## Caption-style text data
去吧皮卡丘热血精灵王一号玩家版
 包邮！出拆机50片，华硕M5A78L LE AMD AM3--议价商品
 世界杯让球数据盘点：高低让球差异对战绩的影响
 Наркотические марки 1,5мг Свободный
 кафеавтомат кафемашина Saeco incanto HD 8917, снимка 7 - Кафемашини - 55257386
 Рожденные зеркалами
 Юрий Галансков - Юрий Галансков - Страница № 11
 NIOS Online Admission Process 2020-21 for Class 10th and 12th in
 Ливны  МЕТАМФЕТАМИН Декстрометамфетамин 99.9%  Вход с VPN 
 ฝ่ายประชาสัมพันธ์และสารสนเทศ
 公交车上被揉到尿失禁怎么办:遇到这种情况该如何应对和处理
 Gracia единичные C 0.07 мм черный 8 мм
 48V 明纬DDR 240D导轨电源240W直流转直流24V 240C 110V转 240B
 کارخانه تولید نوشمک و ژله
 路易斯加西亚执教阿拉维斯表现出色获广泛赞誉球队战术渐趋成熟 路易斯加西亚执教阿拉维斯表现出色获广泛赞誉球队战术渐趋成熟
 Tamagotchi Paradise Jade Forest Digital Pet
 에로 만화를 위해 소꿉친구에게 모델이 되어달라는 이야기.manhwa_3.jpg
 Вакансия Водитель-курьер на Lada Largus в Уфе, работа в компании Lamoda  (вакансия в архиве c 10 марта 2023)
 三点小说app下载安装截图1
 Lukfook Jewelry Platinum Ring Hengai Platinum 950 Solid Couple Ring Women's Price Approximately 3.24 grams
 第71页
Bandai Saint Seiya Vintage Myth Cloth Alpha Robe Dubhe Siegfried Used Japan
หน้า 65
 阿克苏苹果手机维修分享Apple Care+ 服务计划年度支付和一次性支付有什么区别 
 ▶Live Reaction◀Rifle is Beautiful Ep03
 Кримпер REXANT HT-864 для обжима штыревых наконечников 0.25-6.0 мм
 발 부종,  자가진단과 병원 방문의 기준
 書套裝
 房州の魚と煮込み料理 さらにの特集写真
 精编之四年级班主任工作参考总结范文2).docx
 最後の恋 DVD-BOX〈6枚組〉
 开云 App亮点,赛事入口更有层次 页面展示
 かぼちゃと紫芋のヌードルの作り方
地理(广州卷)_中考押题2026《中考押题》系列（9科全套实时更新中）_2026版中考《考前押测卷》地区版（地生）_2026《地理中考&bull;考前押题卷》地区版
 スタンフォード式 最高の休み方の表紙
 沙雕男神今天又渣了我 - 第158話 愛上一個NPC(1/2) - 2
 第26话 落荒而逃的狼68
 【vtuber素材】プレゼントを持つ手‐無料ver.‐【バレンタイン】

## What is being asked
Above are the entries; return each one exactly.

## Expected output
去吧皮卡丘热血精灵王一号玩家版
 包邮！出拆机50片，华硕M5A78L LE AMD AM3--议价商品
 世界杯让球数据盘点：高低让球差异对战绩的影响
 Наркотические марки 1,5мг Свободный
 кафеавтомат кафемашина Saeco incanto HD 8917, снимка 7 - Кафемашини - 55257386
 Рожденные зеркалами
 Юрий Галансков - Юрий Галансков - Страница № 11
 NIOS Online Admission Process 2020-21 for Class 10th and 12th in
 Ливны  МЕТАМФЕТАМИН Декстрометамфетамин 99.9%  Вход с VPN 
 ฝ่ายประชาสัมพันธ์และสารสนเทศ
 公交车上被揉到尿失禁怎么办:遇到这种情况该如何应对和处理
 Gracia единичные C 0.07 мм черный 8 мм
 48V 明纬DDR 240D导轨电源240W直流转直流24V 240C 110V转 240B
 کارخانه تولید نوشمک و ژله
 路易斯加西亚执教阿拉维斯表现出色获广泛赞誉球队战术渐趋成熟 路易斯加西亚执教阿拉维斯表现出色获广泛赞誉球队战术渐趋成熟
 Tamagotchi Paradise Jade Forest Digital Pet
 에로 만화를 위해 소꿉친구에게 모델이 되어달라는 이야기.manhwa_3.jpg
 Вакансия Водитель-курьер на Lada Largus в Уфе, работа в компании Lamoda  (вакансия в архиве c 10 марта 2023)
 三点小说app下载安装截图1
 Lukfook Jewelry Platinum Ring Hengai Platinum 950 Solid Couple Ring Women's Price Approximately 3.24 grams
 第71页
Bandai Saint Seiya Vintage Myth Cloth Alpha Robe Dubhe Siegfried Used Japan
หน้า 65
 阿克苏苹果手机维修分享Apple Care+ 服务计划年度支付和一次性支付有什么区别 
 ▶Live Reaction◀Rifle is Beautiful Ep03
 Кримпер REXANT HT-864 для обжима штыревых наконечников 0.25-6.0 мм
 발 부종,  자가진단과 병원 방문의 기준
 書套裝
 房州の魚と煮込み料理 さらにの特集写真
 精编之四年级班主任工作参考总结范文2).docx
 最後の恋 DVD-BOX〈6枚組〉
 开云 App亮点,赛事入口更有层次 页面展示
 かぼちゃと紫芋のヌードルの作り方
地理(广州卷)_中考押题2026《中考押题》系列（9科全套实时更新中）_2026版中考《考前押测卷》地区版（地生）_2026《地理中考&bull;考前押题卷》地区版
 スタンフォード式 最高の休み方の表紙
 沙雕男神今天又渣了我 - 第158話 愛上一個NPC(1/2) - 2
 第26话 落荒而逃的狼68
 【vtuber素材】プレゼントを持つ手‐無料ver.‐【バレンタイン】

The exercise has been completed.